=== TASK INPUTS ===

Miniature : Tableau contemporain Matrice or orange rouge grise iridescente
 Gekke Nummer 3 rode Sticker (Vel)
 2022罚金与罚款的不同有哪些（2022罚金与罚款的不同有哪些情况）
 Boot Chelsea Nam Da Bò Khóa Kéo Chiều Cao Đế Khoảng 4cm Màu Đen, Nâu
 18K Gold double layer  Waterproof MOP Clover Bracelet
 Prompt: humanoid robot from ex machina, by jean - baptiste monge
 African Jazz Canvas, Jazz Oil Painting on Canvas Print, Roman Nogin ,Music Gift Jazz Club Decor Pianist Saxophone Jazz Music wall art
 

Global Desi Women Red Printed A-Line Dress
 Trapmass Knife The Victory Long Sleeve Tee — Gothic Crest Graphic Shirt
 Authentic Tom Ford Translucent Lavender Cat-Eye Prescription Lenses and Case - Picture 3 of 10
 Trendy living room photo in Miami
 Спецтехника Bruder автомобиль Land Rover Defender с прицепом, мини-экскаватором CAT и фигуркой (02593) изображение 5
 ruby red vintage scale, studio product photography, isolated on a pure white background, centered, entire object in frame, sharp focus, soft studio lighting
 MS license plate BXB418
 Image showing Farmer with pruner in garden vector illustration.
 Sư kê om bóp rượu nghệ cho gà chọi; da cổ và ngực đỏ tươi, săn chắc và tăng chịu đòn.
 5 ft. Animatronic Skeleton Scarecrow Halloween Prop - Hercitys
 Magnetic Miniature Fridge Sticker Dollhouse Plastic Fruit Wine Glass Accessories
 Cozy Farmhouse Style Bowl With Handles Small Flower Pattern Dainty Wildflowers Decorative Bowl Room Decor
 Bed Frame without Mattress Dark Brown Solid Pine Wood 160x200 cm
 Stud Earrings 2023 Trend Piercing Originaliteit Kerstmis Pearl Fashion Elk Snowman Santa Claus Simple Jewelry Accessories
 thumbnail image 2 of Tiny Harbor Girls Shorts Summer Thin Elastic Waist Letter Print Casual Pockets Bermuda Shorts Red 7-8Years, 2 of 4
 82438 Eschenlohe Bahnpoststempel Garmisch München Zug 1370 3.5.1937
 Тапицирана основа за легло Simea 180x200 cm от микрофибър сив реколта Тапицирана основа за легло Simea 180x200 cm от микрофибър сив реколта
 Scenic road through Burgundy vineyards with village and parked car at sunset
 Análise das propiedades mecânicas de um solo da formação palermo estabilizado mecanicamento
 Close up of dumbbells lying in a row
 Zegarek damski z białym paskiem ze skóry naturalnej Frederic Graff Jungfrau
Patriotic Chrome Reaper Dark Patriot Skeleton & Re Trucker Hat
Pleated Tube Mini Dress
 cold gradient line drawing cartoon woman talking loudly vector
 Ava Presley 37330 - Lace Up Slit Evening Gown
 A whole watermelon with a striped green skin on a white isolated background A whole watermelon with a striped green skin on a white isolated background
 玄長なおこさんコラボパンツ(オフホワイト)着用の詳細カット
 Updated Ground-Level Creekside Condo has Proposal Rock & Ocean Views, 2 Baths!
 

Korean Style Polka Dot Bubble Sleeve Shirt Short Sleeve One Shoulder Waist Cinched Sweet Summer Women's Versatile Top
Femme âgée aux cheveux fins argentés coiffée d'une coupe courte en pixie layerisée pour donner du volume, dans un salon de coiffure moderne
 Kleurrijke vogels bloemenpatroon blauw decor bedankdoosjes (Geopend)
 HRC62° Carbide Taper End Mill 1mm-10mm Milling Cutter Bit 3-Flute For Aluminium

===

### WORK ORDER
Each line of the entries above that has the word "Style" is to be copied.

### EXERCISE SOLUTION
 Cozy Farmhouse Style Bowl With Handles Small Flower Pattern Dainty Wildflowers Decorative Bowl Room Decor
Korean Style Polka Dot Bubble Sleeve Shirt Short Sleeve One Shoulder Waist Cinched Sweet Summer Women's Versatile Top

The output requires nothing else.